* Exercise objective *
Extract the lines from the first one in the records below through the line containing "15-INBAQueenstown.jpg", keeping both ends and leaving out any pictures.

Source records
# # # # #

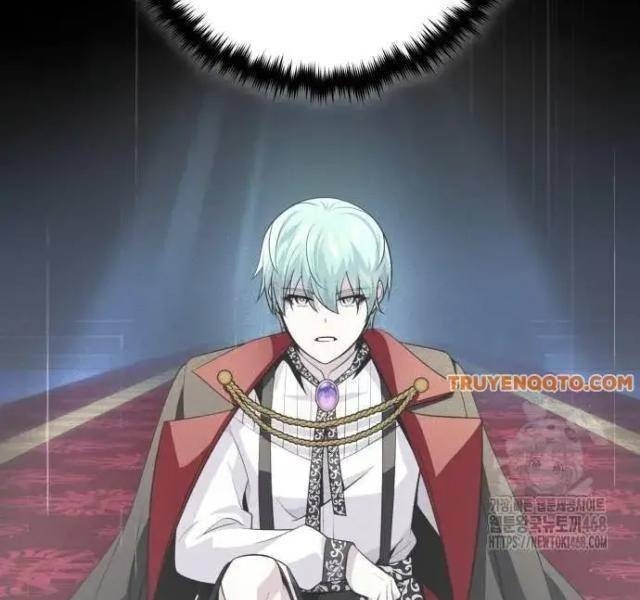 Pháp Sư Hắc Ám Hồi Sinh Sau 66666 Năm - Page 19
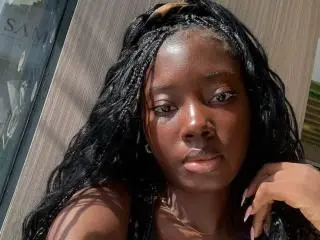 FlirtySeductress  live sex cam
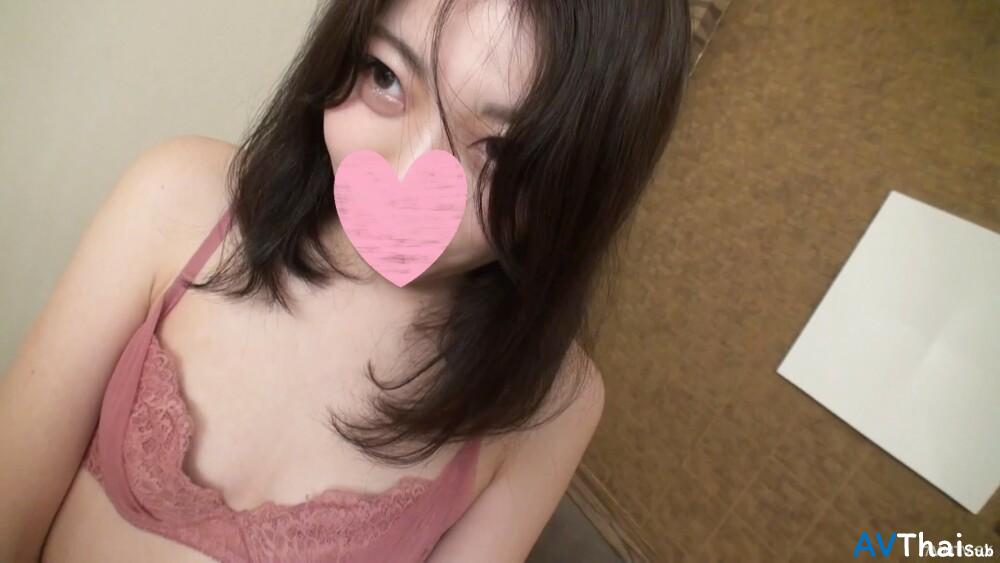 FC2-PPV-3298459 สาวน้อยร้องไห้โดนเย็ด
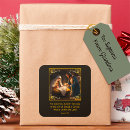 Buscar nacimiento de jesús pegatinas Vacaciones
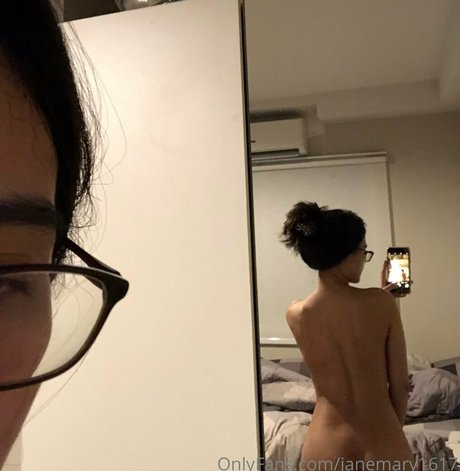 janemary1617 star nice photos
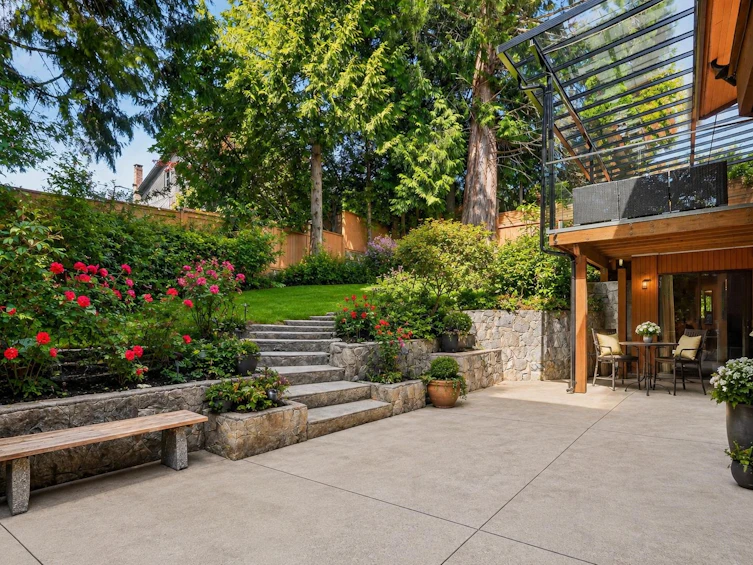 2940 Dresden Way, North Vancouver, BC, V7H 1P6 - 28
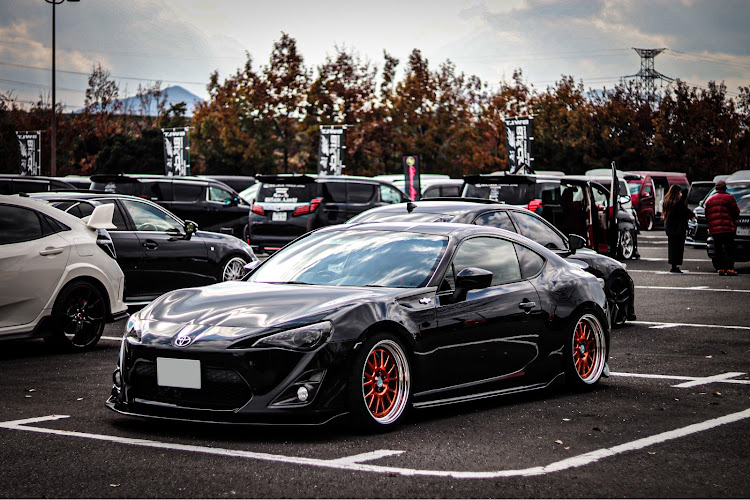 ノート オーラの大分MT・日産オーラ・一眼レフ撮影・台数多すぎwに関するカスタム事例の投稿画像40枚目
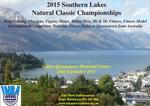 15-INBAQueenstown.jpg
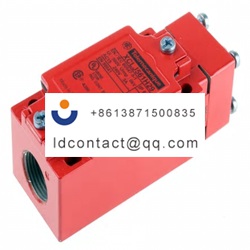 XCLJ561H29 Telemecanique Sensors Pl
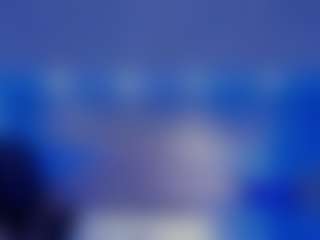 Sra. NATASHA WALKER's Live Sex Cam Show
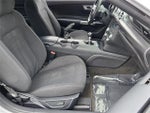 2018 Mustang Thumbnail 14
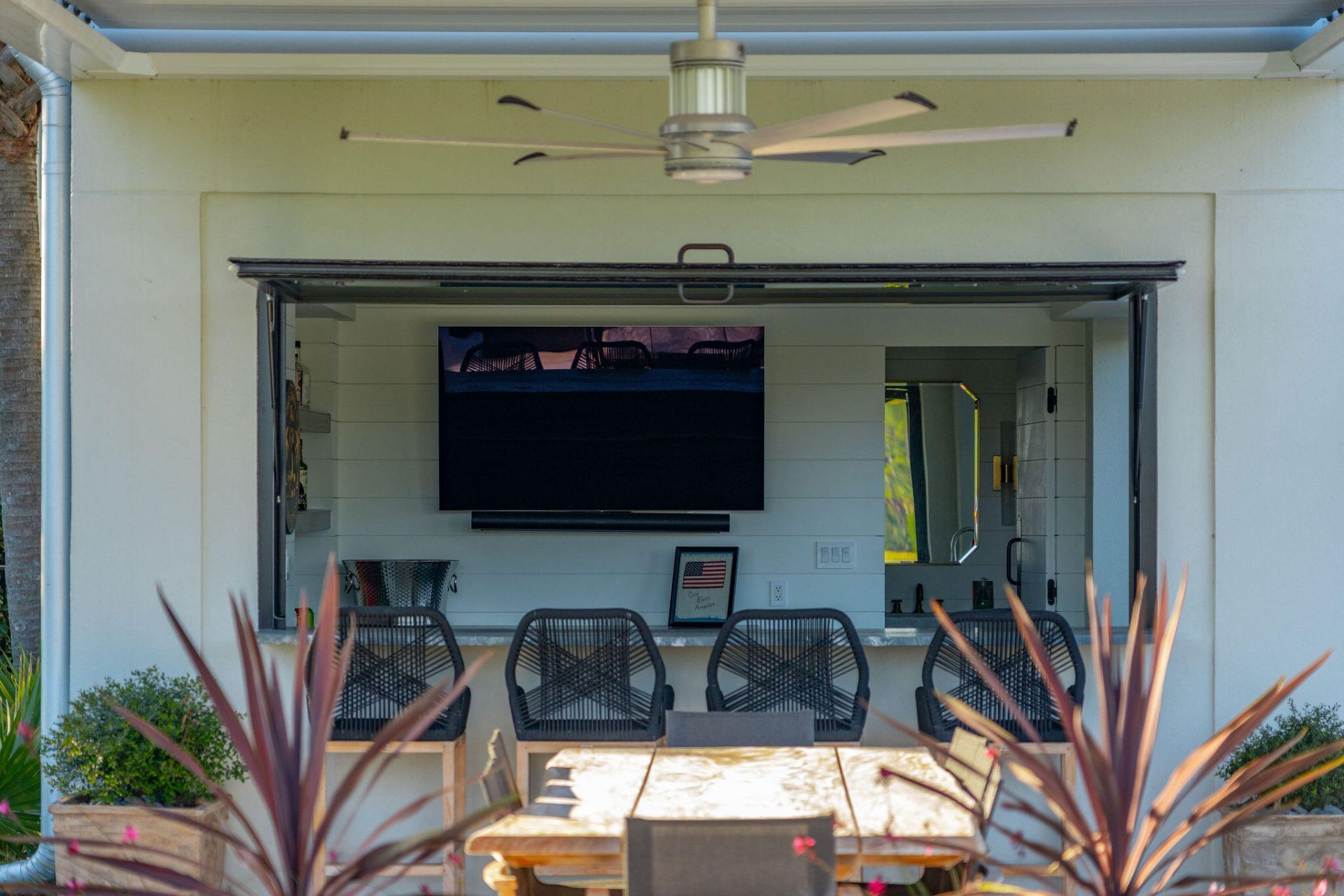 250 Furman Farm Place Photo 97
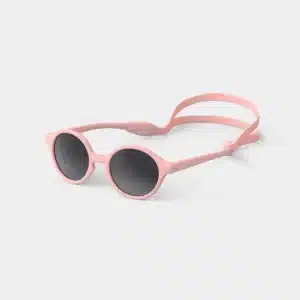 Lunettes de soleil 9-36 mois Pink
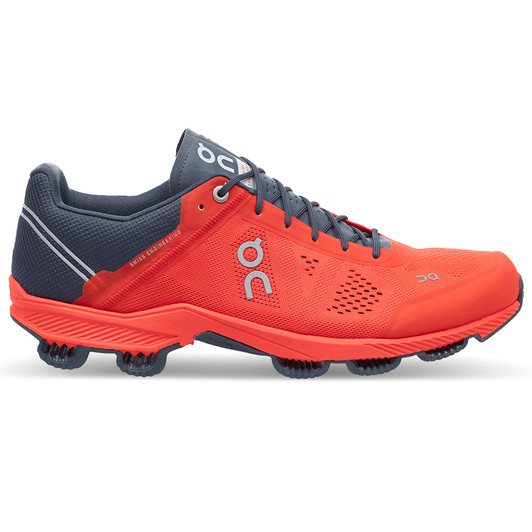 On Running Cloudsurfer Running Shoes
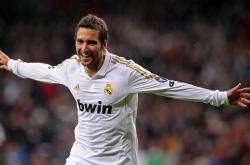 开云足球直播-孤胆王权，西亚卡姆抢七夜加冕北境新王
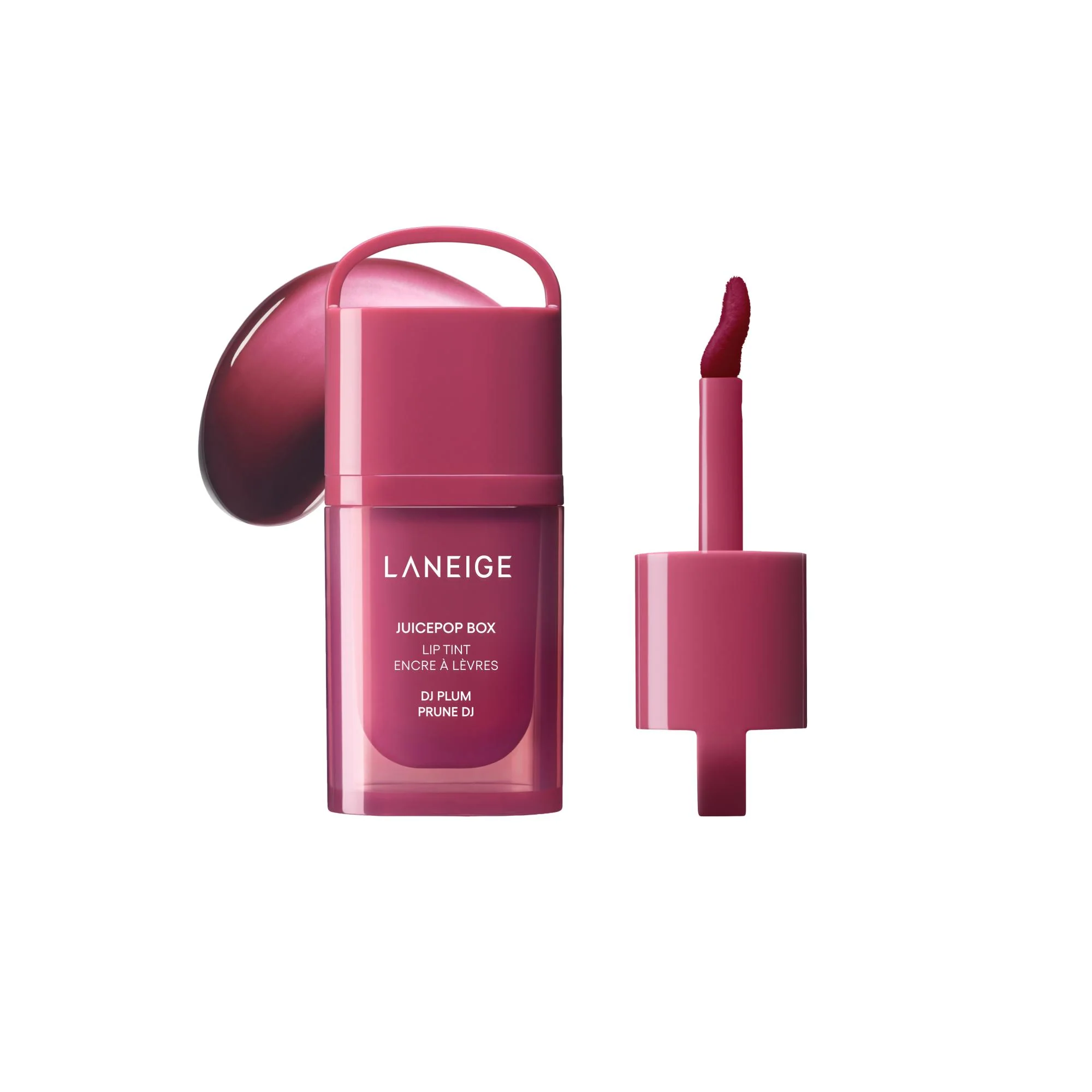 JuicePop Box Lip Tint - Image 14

# # # # #

* Completed task *
 Pháp Sư Hắc Ám Hồi Sinh Sau 66666 Năm - Page 19
 FlirtySeductress  live sex cam
 FC2-PPV-3298459 สาวน้อยร้องไห้โดนเย็ด
 Buscar nacimiento de jesús pegatinas Vacaciones
 janemary1617 star nice photos
 2940 Dresden Way, North Vancouver, BC, V7H 1P6 - 28
 ノート オーラの大分MT・日産オーラ・一眼レフ撮影・台数多すぎwに関するカスタム事例の投稿画像40枚目
 15-INBAQueenstown.jpg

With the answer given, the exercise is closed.